Cambria was described to me as “Euro-lite,” and I think that’s an apt description. It’s the sort of game that has the feel of a Eurogame, but is much quicker to play than most without watering down the gameplay. It plays as quickly as most “filler” games but feels meatier.
Each road goes between two forts, which means that even if you roll a 3 and a 4, you could still try to capture a VI fort, as long as you can find a road that leads from it to a III or IV. Since each player only has 5 warriors, you have to be careful not to spread yourself too thin. If you’re working on multiple high-value forts at once, then you’ll be stuck waiting for somebody else to fill in the other roads. There’s a tricky balance between getting to the high-point forts and taking the easy two-pointers quickly.
The bonus victory points on the high-point forts also lead to some good strategic options. Sometimes you might help a player capture a fort, simply to prevent another player from getting the secondary points. Or you might use the Legion to delay a fort’s capture, freeing up your warriors to fight elsewhere on the board.
Since getting the game out, I’ve tried it with several different groups of players, and it’s gotten great reception. Although it’s a bit tricky at first remembering when you can move the Legion and when you can bump another player’s warrior from a road, everyone picked it up pretty quickly and I’ve always ended up playing more than one game at a time — usually flipping the board over to try the other layout. The Cumbria side has a lot of II forts grouped together, which means that if you go after one of those you may have to dedicate a warrior to it, rather than being able to also get in on a more valuable fort on the other end of the road.
The rulebook is straightforward and it’s easy to pick up the game and start playing, plus there’s the player aid printed on the board itself.
As I mentioned before, I do think the board is a little crowded in spots, particularly when there are forts close to each other — sometimes you can’t always tell if there is a road between two locations or not. Also, although the Roman numerals make sense for the theme, they can be a bit confusing, too. If you happen to be looking at the board upside-down, it can be quite easy to get your IV and VI mixed up. Probably some pips or just plain Arabic numerals might have made for better legibility.

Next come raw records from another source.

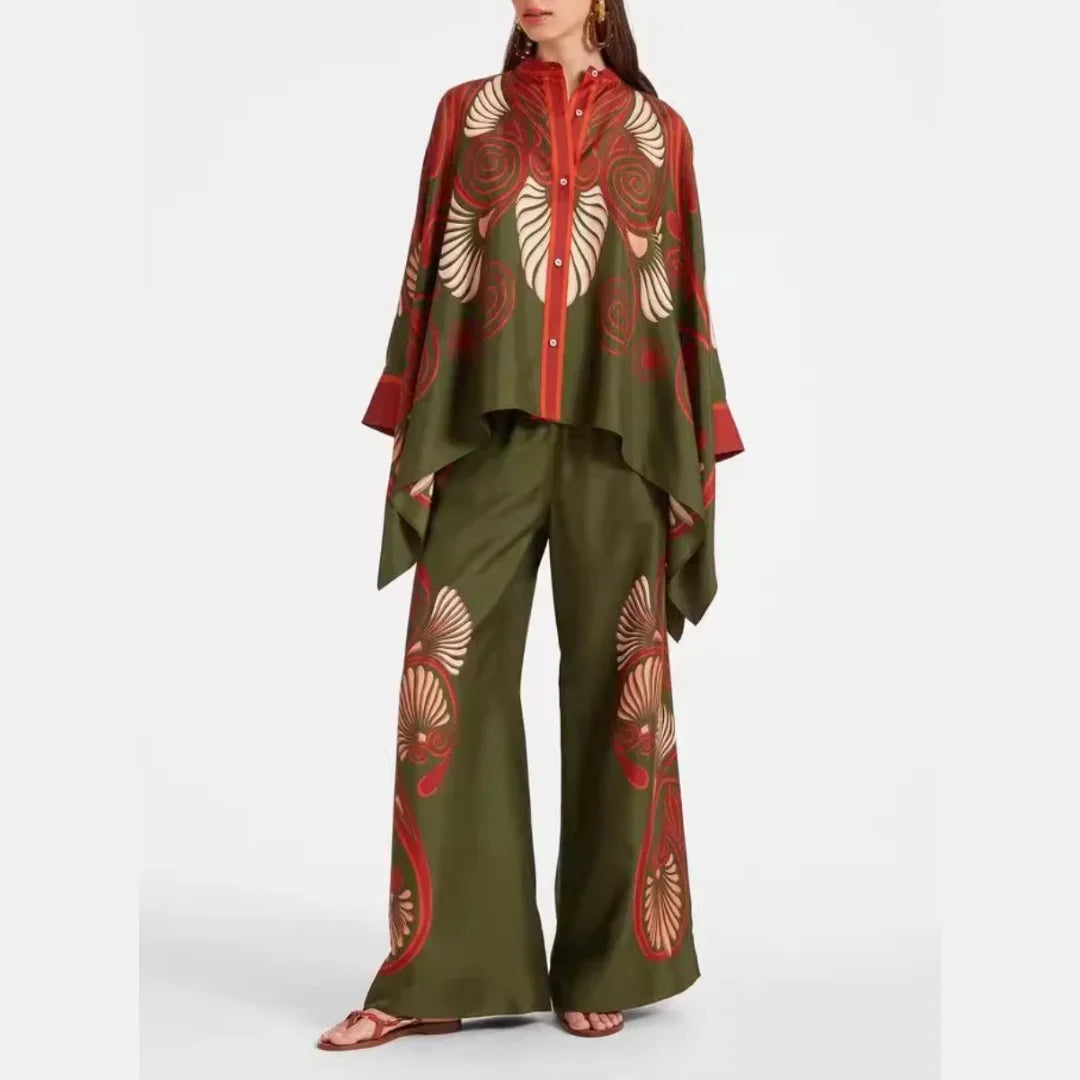Ensemble femme boho chic vert, en coton léger, avec motifs floraux, idéal pour le printemps et les journées ensoleillées.
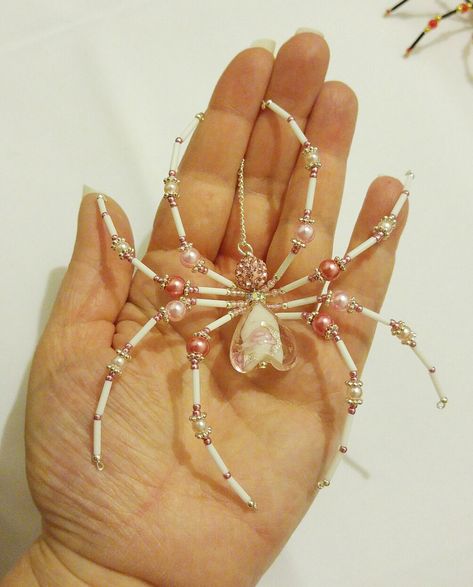 Spider Beads Diy, Diy Spiders, Pretty Beaded Jewelry, Bead Spiders, Bead Spider, Christmas Spiders, Spider Web Decoration, Diy Earrings Easy, Beaded Flowers Patterns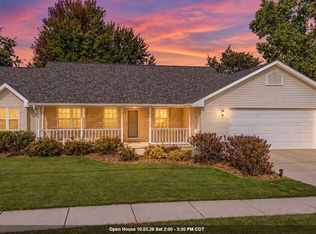 2276 Lost Dauphin Rd, De Pere, WI 54115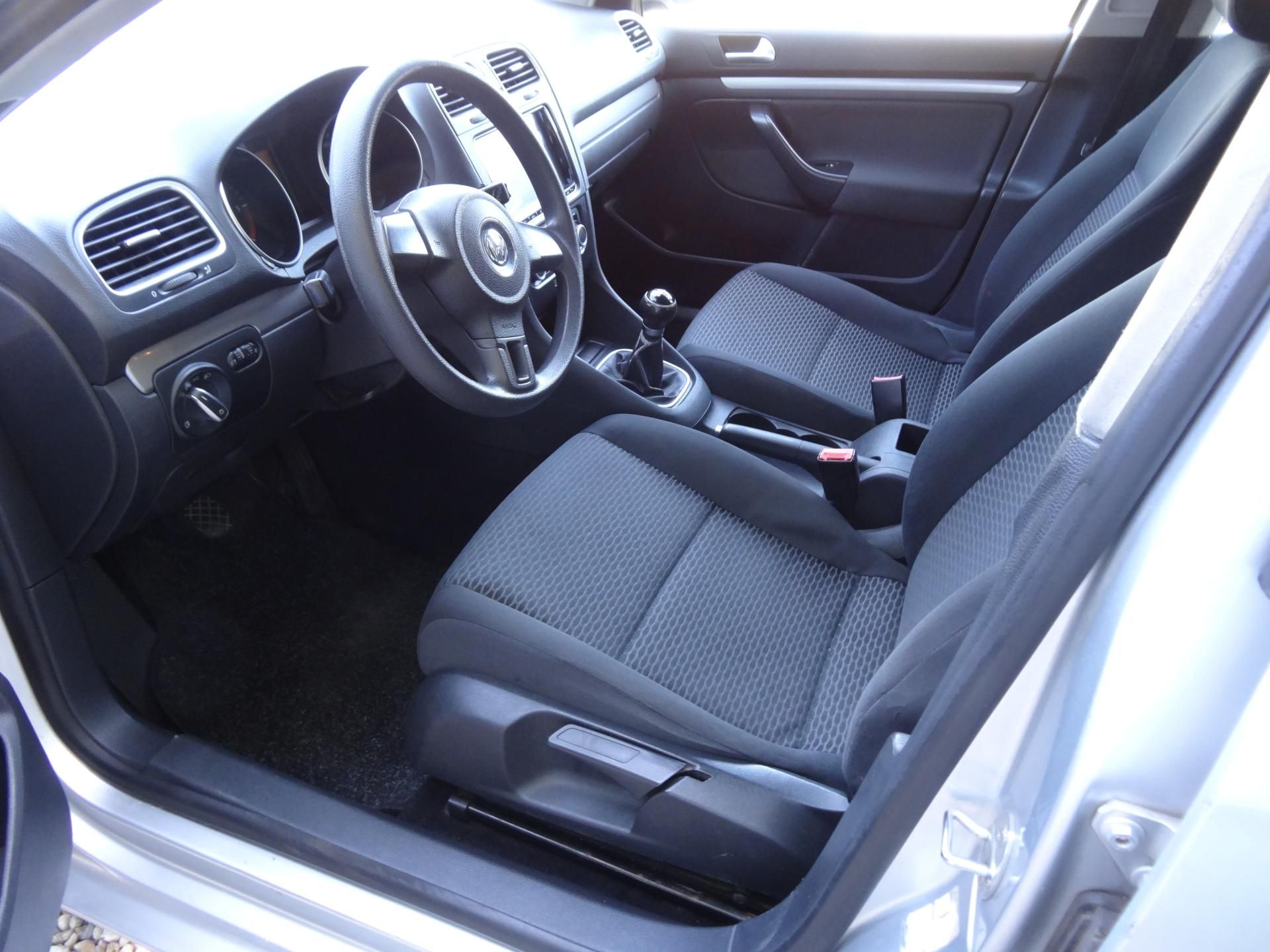 Volkswagen Golf, Kombi 1.6TDi Klima, Navi - fotka 3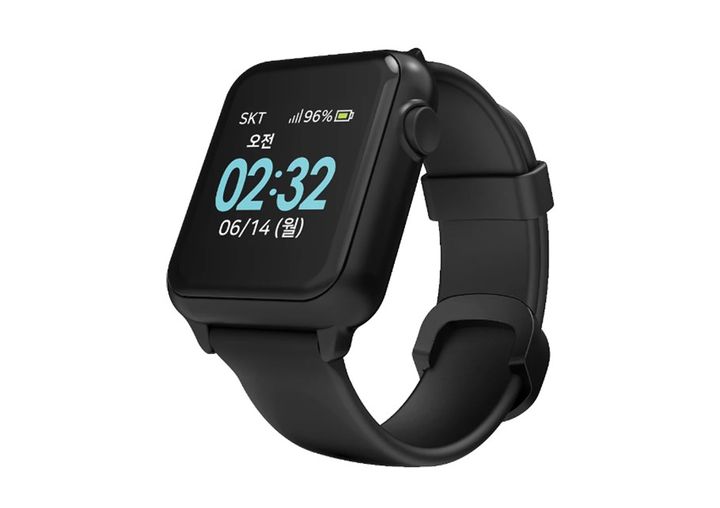 [서울=뉴시스] SK하이닉스가 올해부터 보급하는 '행복GPS' 신규 모델, 스마트지킴이2. (사진=SK하이닉스) 2023.09.22. photo@newsis.com *재판매 및 DB 금지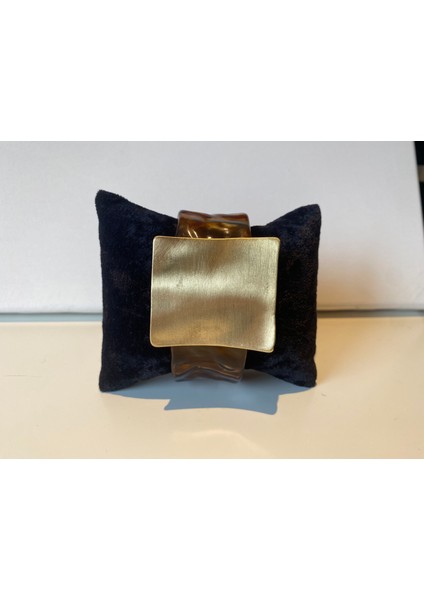 Kemik Kare Gold Detayli Kelepçe Bileklik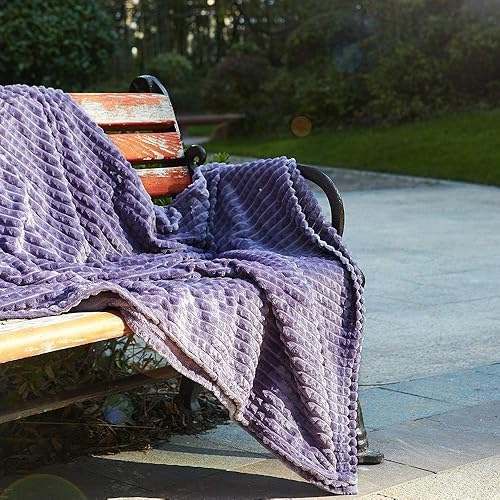 Miniatura 8 de Simple&Opulence - Manta de franela de forro polar, ligera, súper suave, de microfibra decorativa para sofá, diseño de cuadrícula estereoscópica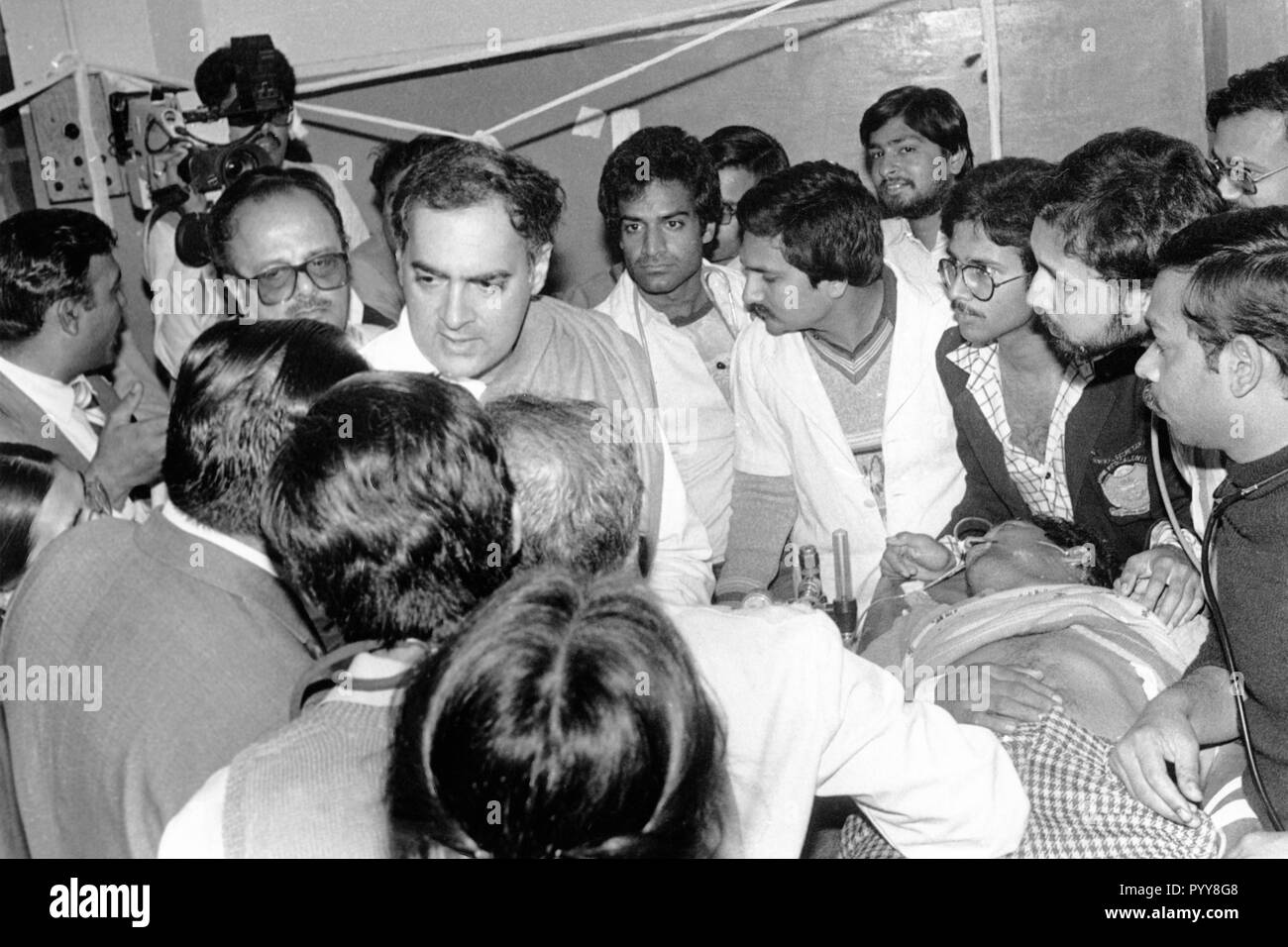 Rajiv Gandhi im Krankenhaus im Gespräch mit Ärzten Bhopal Madhya Pradesh Indien 1984 s Stockfoto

Still, it’s a fantastic game and one that I highly recommend. It’s a good combination of luck and strategy, indirect and direct competition. Cambria just hit store shelves this week, and might not be widely available online yet, but I found a few people selling it on Amazon. Probably your best bet is to ask about it at your friendly neighborhood game store.
Wired: Quick-playing game with nice strategy; compact packaging.
Tired: Board can be a little crowded; Roman numerals easy to misread.
Disclosure: GeekDad received a review copy of this game.